Ok, here's the deal:
An op-amp is the ideal solution for interfacing with a Flexiforce sensor. With one simple circuit, you can shift and scale your output to give you a perfect 0-5V range. The problem is that this requires a bi-polar (negative and positive voltage) power supply of at least +-6.3V (because the op-amp can amplify the signal to within 1.3V of the supply voltage.

Dave
02-27-2008, 05:44 PM
Ok, I was just referring to the drive circuit that the manufacturer recommends, which uses a different op-amp chip (MC34071) and a different configuration than the Images board. The Images op-amp board doesn't actually amplify the signal, it just buffers it. It looks like the Images board incorporates a voltage divider with an op-amp to isolate the sensor circuit from the device that's reading it. I'm going to have to get one of those to play around with to see how much difference it makes.

auralius
04-24-2009, 06:45 AM
please note that recommended maximum current is only 2,5 mA...
so better use opamp since opamp has a very high input impedance...
meaning that it will give a no load condition to the sensor so the current flowing in the sensor will be very small...
so it is safe...
even tough it is only for buffer....

MikeG
04-24-2009, 11:10 PM
The circuit on http://www.imagesco.com/sensors/opamp.html is a voltage follower with unity gain.

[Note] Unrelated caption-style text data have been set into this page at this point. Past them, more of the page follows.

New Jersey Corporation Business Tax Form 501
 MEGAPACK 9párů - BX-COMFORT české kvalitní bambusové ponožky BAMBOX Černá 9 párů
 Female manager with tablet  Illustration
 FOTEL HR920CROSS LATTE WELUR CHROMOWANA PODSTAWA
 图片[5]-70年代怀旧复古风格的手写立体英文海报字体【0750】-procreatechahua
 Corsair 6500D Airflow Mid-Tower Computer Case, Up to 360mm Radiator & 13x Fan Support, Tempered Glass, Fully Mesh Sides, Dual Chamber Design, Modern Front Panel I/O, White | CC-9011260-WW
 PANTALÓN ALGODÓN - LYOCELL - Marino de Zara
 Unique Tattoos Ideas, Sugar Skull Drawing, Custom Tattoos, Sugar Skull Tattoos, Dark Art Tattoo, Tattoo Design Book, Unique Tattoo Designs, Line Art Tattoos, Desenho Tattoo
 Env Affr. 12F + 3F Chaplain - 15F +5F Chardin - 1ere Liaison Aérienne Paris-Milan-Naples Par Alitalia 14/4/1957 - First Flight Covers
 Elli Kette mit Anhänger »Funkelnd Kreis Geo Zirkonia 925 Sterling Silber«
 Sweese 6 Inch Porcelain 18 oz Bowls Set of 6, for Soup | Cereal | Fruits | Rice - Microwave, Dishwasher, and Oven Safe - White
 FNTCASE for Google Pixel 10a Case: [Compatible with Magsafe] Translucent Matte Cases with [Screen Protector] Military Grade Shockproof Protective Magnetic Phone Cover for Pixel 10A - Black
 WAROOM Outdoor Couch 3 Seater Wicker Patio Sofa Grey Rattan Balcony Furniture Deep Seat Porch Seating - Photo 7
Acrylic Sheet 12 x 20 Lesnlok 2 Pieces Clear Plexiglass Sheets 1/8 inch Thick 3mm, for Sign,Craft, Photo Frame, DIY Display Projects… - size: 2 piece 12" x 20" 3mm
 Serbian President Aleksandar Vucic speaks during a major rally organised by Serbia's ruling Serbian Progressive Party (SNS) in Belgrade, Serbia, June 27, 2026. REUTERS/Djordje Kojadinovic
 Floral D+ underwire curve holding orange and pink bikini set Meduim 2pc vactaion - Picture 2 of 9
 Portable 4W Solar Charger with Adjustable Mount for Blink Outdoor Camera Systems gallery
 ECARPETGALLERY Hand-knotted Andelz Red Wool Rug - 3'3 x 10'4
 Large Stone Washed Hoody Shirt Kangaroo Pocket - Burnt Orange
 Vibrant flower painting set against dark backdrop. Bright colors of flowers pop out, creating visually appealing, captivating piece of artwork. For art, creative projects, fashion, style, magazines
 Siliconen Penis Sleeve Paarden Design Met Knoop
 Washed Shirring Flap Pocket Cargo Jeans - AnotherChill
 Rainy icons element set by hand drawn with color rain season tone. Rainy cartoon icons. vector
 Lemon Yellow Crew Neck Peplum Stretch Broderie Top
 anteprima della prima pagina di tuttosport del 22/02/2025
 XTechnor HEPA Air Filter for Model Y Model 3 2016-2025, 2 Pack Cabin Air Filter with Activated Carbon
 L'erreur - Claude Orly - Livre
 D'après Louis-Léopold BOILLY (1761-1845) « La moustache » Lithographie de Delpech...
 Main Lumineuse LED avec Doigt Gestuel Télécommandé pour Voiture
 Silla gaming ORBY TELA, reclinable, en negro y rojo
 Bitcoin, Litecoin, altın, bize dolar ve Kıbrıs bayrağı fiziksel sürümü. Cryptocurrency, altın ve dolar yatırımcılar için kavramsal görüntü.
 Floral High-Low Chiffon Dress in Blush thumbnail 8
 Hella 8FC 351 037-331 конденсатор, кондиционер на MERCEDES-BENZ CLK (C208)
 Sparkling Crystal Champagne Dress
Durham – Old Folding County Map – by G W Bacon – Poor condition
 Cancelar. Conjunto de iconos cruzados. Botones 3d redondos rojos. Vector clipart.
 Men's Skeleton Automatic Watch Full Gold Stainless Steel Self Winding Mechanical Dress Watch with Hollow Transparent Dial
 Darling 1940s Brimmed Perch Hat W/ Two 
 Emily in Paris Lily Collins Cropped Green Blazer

The reason to use the operational amplifier in this configuration is to isolate the source and load as stated above.

The voltage divider connected to v+ divides the voltage between two variable resistors. One variable resistor is the sensor and the other is a pot which is connected through a fixed resistance (R1) to ground. The pot is used for tuning. The fixed resistor helps the POT because the FlexiForce has a relatively large resistance value. See Ohm's law.

Anyway, Op-Amps like it when (v+) + (v-) = 0 so as the voltage across the FlexiForce changes the output will follow due to the feedback loop on v-.

I couldn’t find the tekscan recommended driver so I can’t comment on that but there’s a bazillion ways to integrate a variable resistor sensor. Like using a simple RC circuit. Count the ticks it takes to charge or discharge the cap before/after the TTL or CMOS voltage threshold is reached. Probably not the best method as these devices have varied thresholds even among production siblings.